● **Requirement**:
Repeat the data below in full and exactly.

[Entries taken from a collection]

━━━━━━━━

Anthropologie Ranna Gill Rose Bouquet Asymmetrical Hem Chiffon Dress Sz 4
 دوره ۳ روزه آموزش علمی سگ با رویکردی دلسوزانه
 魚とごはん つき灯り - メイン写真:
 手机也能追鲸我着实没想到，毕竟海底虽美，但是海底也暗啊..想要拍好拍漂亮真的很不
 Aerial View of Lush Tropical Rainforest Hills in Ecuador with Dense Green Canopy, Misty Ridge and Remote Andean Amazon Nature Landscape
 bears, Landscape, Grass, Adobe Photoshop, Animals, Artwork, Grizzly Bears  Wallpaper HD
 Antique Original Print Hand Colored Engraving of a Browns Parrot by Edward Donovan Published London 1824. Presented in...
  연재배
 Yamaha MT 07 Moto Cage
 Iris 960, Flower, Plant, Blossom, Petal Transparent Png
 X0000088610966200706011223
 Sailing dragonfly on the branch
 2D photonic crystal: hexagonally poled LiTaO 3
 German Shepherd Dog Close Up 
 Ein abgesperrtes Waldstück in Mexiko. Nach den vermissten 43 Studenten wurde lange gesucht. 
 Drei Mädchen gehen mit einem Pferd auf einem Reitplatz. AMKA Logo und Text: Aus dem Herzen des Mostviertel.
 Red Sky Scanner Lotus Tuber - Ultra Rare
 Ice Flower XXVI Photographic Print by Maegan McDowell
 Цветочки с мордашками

━━━━━━━━

● **Written answer**:
Anthropologie Ranna Gill Rose Bouquet Asymmetrical Hem Chiffon Dress Sz 4
 دوره ۳ روزه آموزش علمی سگ با رویکردی دلسوزانه
 魚とごはん つき灯り - メイン写真:
 手机也能追鲸我着实没想到，毕竟海底虽美，但是海底也暗啊..想要拍好拍漂亮真的很不
 Aerial View of Lush Tropical Rainforest Hills in Ecuador with Dense Green Canopy, Misty Ridge and Remote Andean Amazon Nature Landscape
 bears, Landscape, Grass, Adobe Photoshop, Animals, Artwork, Grizzly Bears  Wallpaper HD
 Antique Original Print Hand Colored Engraving of a Browns Parrot by Edward Donovan Published London 1824. Presented in...
  연재배
 Yamaha MT 07 Moto Cage
 Iris 960, Flower, Plant, Blossom, Petal Transparent Png
 X0000088610966200706011223
 Sailing dragonfly on the branch
 2D photonic crystal: hexagonally poled LiTaO 3
 German Shepherd Dog Close Up 
 Ein abgesperrtes Waldstück in Mexiko. Nach den vermissten 43 Studenten wurde lange gesucht. 
 Drei Mädchen gehen mit einem Pferd auf einem Reitplatz. AMKA Logo und Text: Aus dem Herzen des Mostviertel.
 Red Sky Scanner Lotus Tuber - Ultra Rare
 Ice Flower XXVI Photographic Print by Maegan McDowell
 Цветочки с мордашками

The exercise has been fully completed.